“The works of our artists, architects, and preservationists provide us with another language of diplomacy. A transcendent language that allows us to convey values that are at once uniquely American yet speak to all of humanity. Increasingly in this world, art and architecture help us maintain our sense of openness and liberation.” — Former Secretary of State Hillary Rodham Clinton, April 12, 2010
An embassy is much more than a building or a work of architecture; it functions as a symbolic representation of countries’ relationships to one another. It represents the universal language of diplomacy – “communicating values and ideals, extending well beyond any moment in time”. An embassy has the difficult task of representing two diametrically opposed concepts: security and openness. The former typically overpowers the latter in importance, which is most probably why when we think of foreign embassies, it conjures up images of stately monolithic buildings surrounded by tall fences and menacing guards or “bunkers, bland cubes, lifeless compounds”, according to Tanya Ballard Brown of NPR’s All Things Considered.
More on the design excellence of embassies after the break…

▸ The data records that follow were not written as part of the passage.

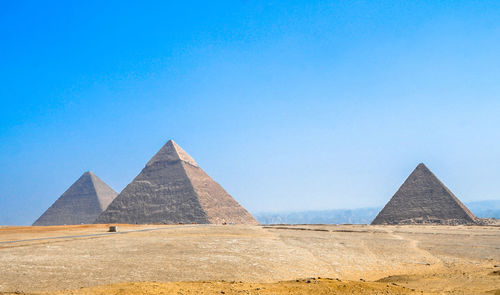View of pyramids in egypt against clear blue sky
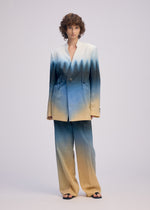 A model wears the ISSEY MIYAKE PLUMAGE plumage-jacket-starling-1.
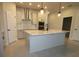 Spacious kitchen featuring a large island, stainless steel appliances, and modern finishes at 6051 Sacred Oak Ave, Mount Dora, FL 32757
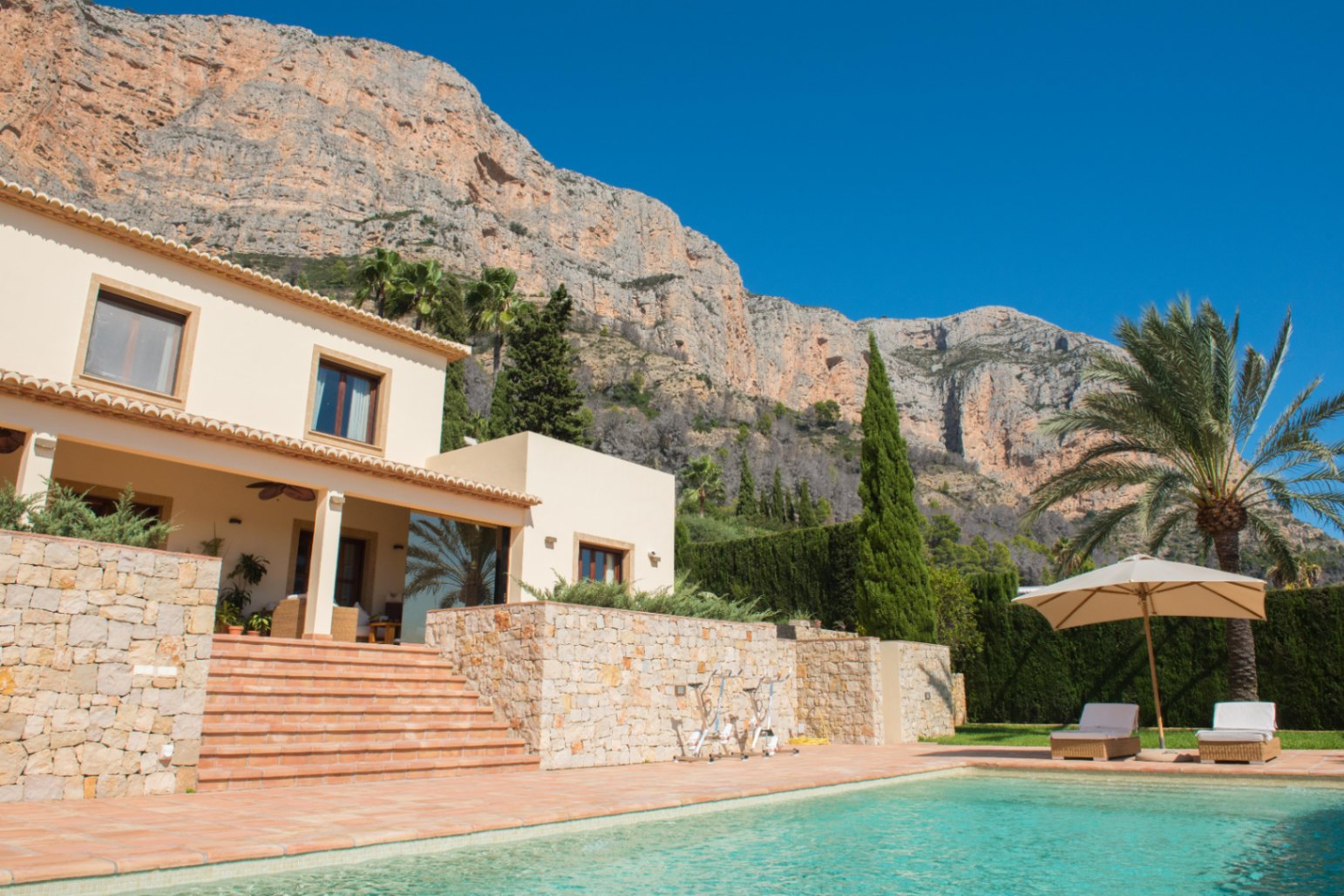 Exterieur met turquoise zwembad, terracotta terras en natuurstenen muren tegen een indrukwekkend berglandschap met mediterrane beplanting.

As this promotional video – featuring Thom Mayne, Jeanne Gang, Elizabeth Diller, Tod Williams and Billie Tsien, released by Bureau of Overseas Buildings Operations of the U.S. State Department - “Another Language of Diplomacy” describes, it is important to channel diplomatic principles into the architectural representation of United States and ensure a balance that speaks to the openness of the U.S. to diplomatic relations with foreign lands, while keeping security intact. The task of the architect becomes to use his or her voice to integrate the notions of purpose, function, flexibility, art, safety, security, sustainability, and maintainability in a conceptual framework that is a symbol for the country on foreign land.

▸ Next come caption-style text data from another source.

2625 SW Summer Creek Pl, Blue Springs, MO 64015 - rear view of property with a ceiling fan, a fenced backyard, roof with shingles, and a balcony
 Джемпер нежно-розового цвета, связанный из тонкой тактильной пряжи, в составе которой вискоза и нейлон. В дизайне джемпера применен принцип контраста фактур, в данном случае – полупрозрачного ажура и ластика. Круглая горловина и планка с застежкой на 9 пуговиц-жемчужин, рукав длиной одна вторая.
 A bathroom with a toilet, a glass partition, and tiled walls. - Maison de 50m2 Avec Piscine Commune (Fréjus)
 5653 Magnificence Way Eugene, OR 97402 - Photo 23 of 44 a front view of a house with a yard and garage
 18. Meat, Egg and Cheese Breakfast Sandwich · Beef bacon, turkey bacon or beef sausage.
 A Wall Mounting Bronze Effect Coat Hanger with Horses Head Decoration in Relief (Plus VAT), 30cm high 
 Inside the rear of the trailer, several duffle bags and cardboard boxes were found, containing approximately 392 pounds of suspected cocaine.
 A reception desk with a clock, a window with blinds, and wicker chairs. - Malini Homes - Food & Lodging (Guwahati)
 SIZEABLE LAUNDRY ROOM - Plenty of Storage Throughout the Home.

As the recent attacks on the U.S. Embassy in Benghazi indicate, security should be developed as the top priority to protect the staff and visitors on foreign land. Yet diplomacy also requires trust, facilitated by openness and optimism on the part of negotiators. How can architecture accomplish both – delivering a sense generosity of diplomacy while ensuring protection?

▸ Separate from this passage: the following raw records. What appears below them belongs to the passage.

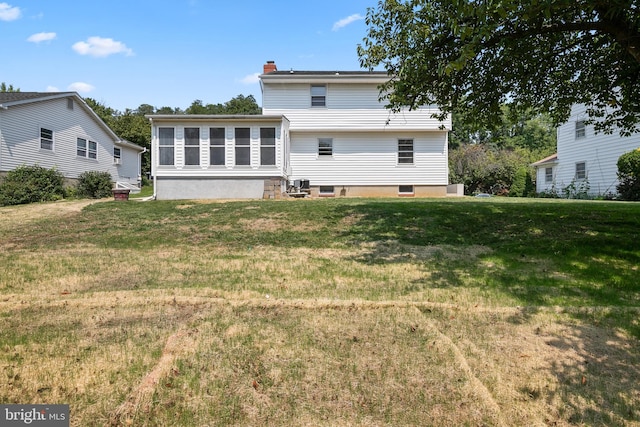 back of property featuring a lawn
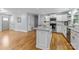 Open-concept kitchen with a granite island, stainless steel appliances, and ample storage, perfect for modern living at 4009 Dunwoody Dr, Charlotte, NC 28215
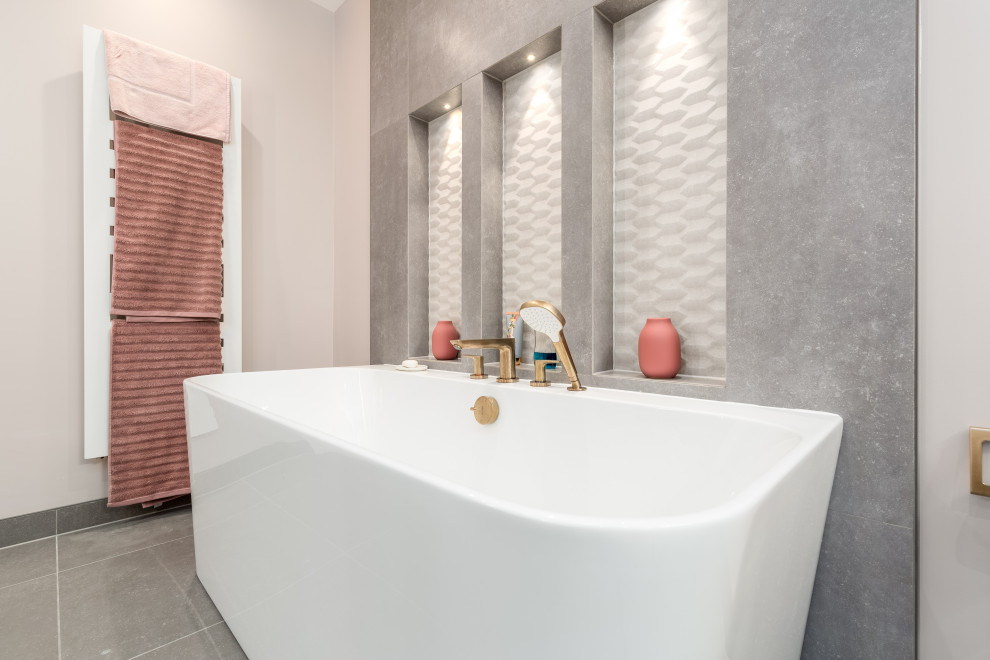 Стильный дизайн: детская ванная комната среднего размера в стиле модернизм с плоскими фасадами, коричневыми фасадами, отдельно стоящей ванной, душевой комнатой, инсталляцией, серой плиткой, керамической плиткой, розовыми стенами, полом из керамогранита, подвесной раковиной, столешницей из искусственного камня, серым полом, душем с распашными дверями, белой столешницей, нишей, тумбой под две раковины, подвесной тумбой и многоуровневым потолком - последний тренд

The Guidelines produced for the Design Excellence program of the Bureau of Overseas Building Operations provide a holistic approach to design, drawing upon expertise in many areas: project management, architecture, engineering, construction, security, urban design, landscape architecture, interior design, art, sustainability, maintenance, and operations. This collaboration guided by an architectural vision has the capacity to produce relevant, functional and lasting architecture that represents the U.S. government to the host nation while protecting the staff and visitors.
Building security expert Barbara Nadel, FAIA says that the implementation of the Design Excellence program “will produce a new generation of secure, sustainable, high-performance buildings that take into account life-cycle costs along the local context and conditions of each host country” according to an article by Sara Fernandez Cendon for the AIA.
According to the Design Excellence Program, one of the main components of the architectural aesthetic and representation is ensuring respect for the context of the building, and creating surrounding grounds that are not oppressive either to the citizens of the host nation or the workers within the embassy. It is a symbol of respect for the host nation, as well as for its own people.
The first projects to be constructed after the implementation of the Design Excellence program includes U.S. embassy in London designed by KieranTimberlake and the consulate in Guangzhou, China by SOM. Their respective designs are considerate of the guides in that the buildings are sited in urban contexts, fitting within and contributing to the existing fabric of the host cities. The work spaces are designed to provide high quality working environments with mental, environmental and social health in mind, while also providing secure facilities.
With the incorporation of the Design Excellence program, we may be well on our way to seeing U.S. Embassies as true places of negotiation that are both sensitive to the context and the environment, while spirited in its architectural representation of U.S. diplomacy with regard for the host nation.